> **WORK ORDER**
Everything in the records below from the line containing "If you choose" through the line containing "While waiting, you" is to be reproduced exactly, those two lines included; no picture is to be copied.

> **MATERIALS PROVIDED**
------------------------------
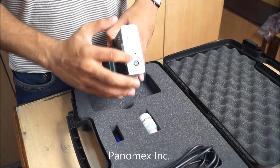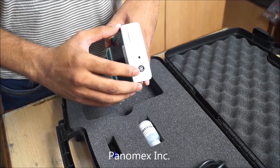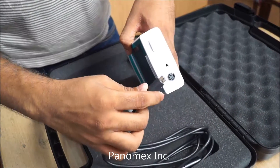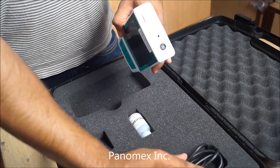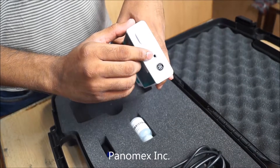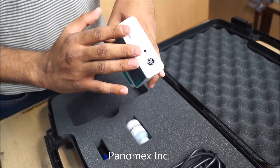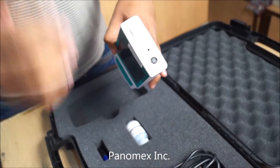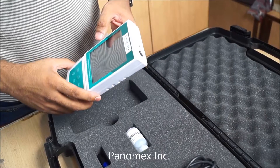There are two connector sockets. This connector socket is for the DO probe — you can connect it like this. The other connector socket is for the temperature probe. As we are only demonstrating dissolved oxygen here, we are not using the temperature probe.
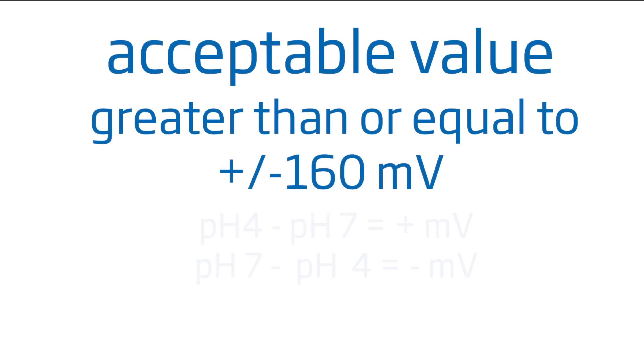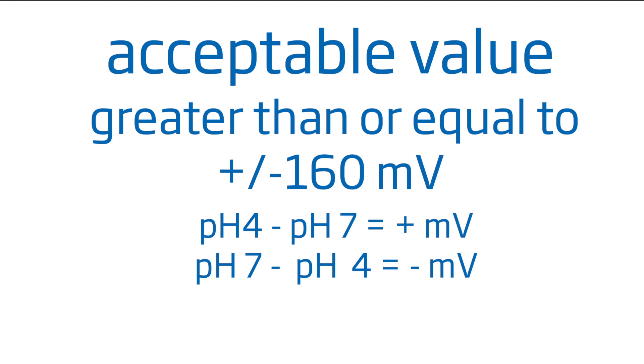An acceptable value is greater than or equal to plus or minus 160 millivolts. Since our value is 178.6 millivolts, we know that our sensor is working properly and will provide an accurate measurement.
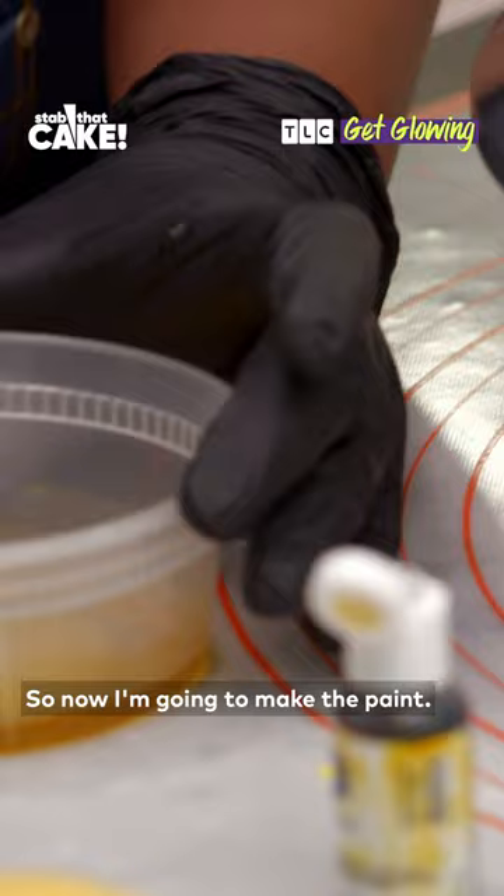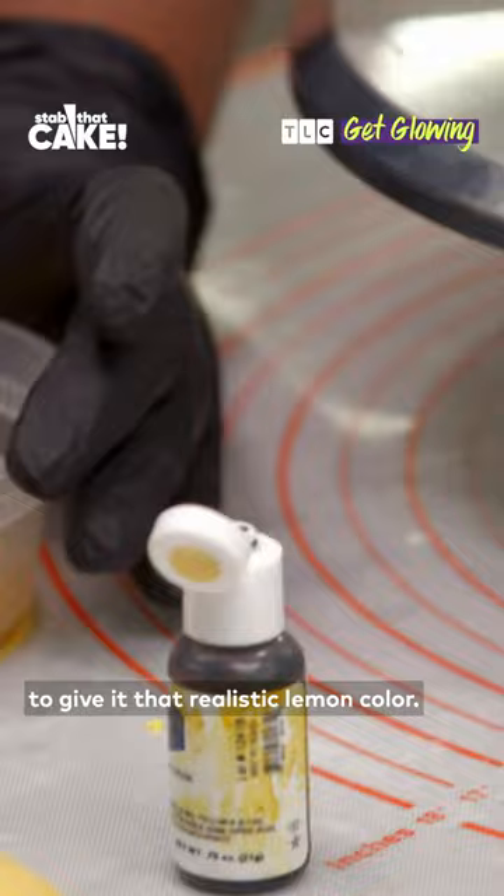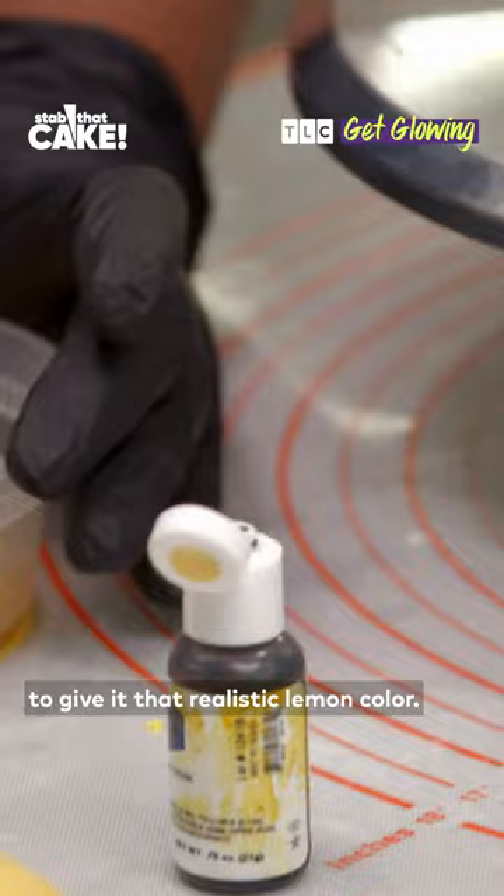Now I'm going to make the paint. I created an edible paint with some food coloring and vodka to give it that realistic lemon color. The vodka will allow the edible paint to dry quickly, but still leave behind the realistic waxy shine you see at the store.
------------------------------
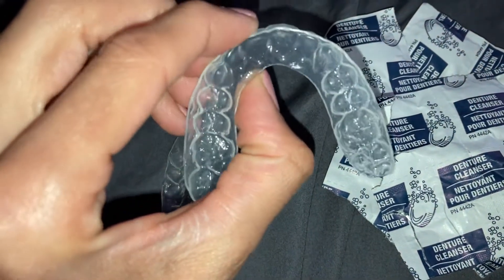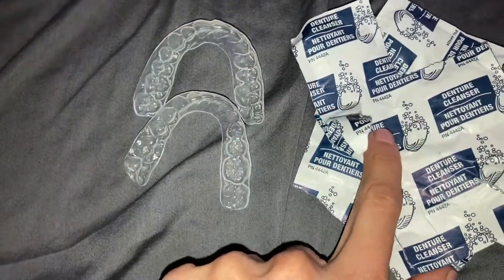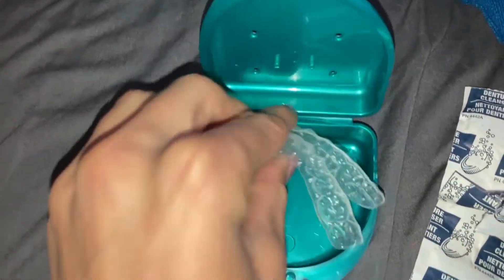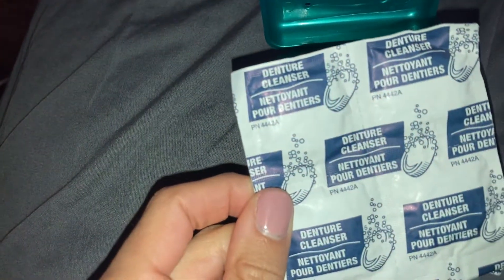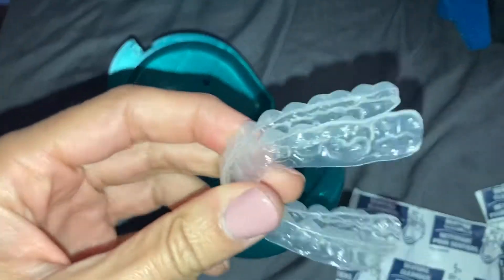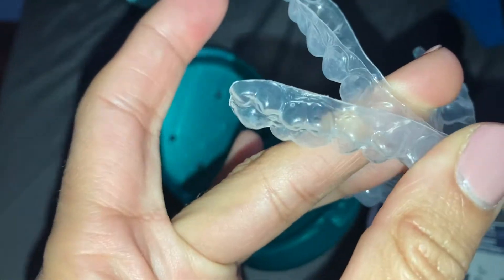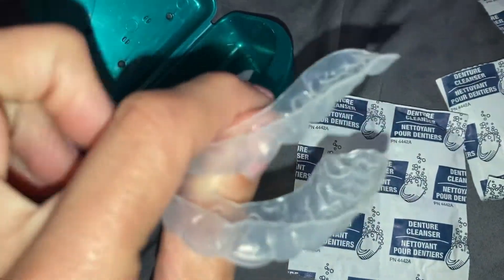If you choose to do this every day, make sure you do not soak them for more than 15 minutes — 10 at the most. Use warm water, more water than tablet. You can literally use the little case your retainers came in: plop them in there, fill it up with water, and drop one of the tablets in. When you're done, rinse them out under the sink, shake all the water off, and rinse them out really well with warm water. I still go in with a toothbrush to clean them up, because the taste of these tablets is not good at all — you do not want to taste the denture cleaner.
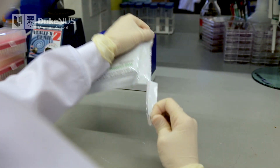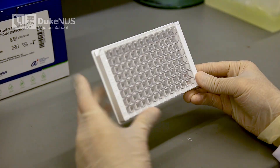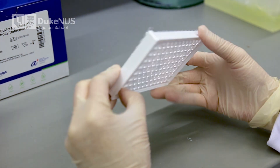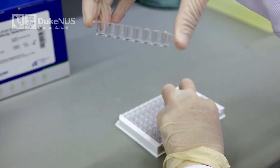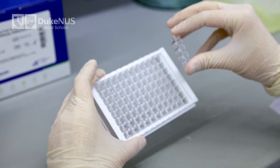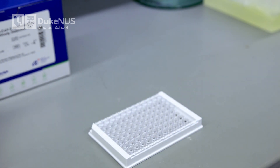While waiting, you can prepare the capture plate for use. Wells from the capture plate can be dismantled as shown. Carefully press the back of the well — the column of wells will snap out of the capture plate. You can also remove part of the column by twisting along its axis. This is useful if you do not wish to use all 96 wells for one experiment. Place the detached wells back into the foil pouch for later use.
------------------------------
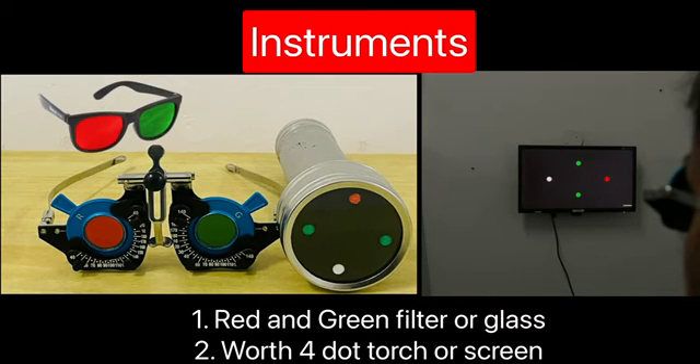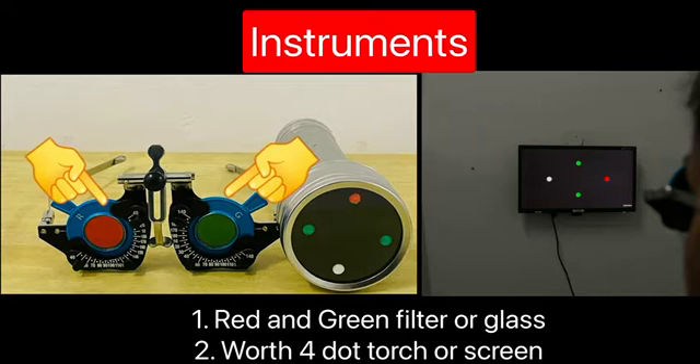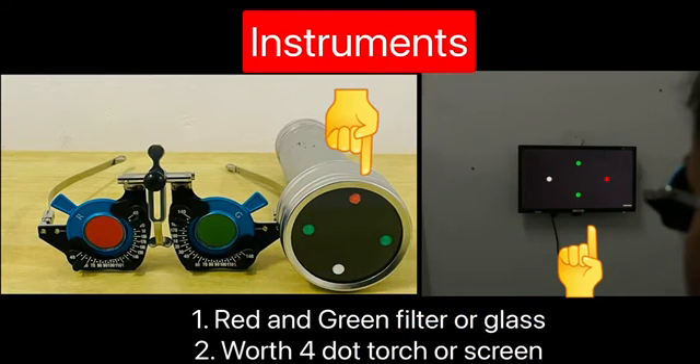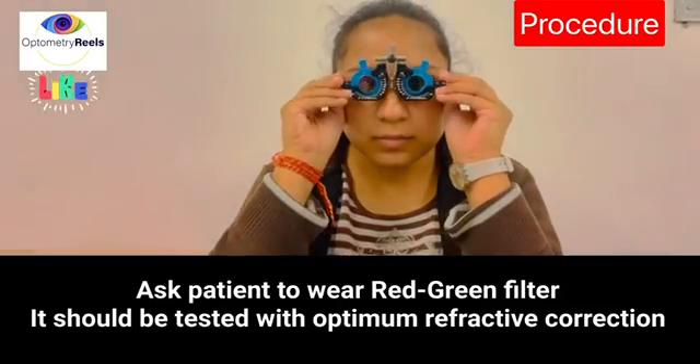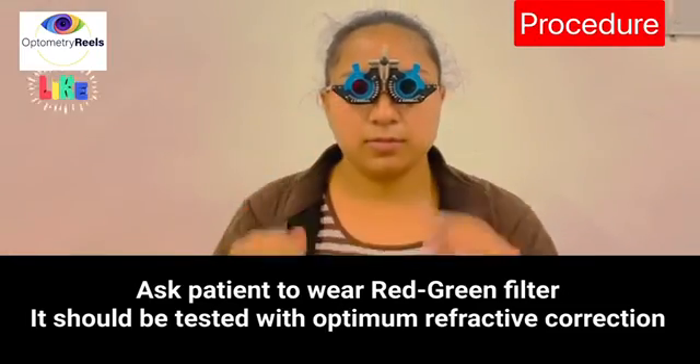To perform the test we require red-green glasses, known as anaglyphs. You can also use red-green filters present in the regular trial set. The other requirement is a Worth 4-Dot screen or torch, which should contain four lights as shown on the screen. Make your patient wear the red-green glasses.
------------------------------
> **RESPONSE TO THIS TASK**
If you choose to do this every day, make sure you do not soak them for more than 15 minutes — 10 at the most. Use warm water, more water than tablet. You can literally use the little case your retainers came in: plop them in there, fill it up with water, and drop one of the tablets in. When you're done, rinse them out under the sink, shake all the water off, and rinse them out really well with warm water. I still go in with a toothbrush to clean them up, because the taste of these tablets is not good at all — you do not want to taste the denture cleaner.
While waiting, you can prepare the capture plate for use. Wells from the capture plate can be dismantled as shown. Carefully press the back of the well — the column of wells will snap out of the capture plate. You can also remove part of the column by twisting along its axis. This is useful if you do not wish to use all 96 wells for one experiment. Place the detached wells back into the foil pouch for later use.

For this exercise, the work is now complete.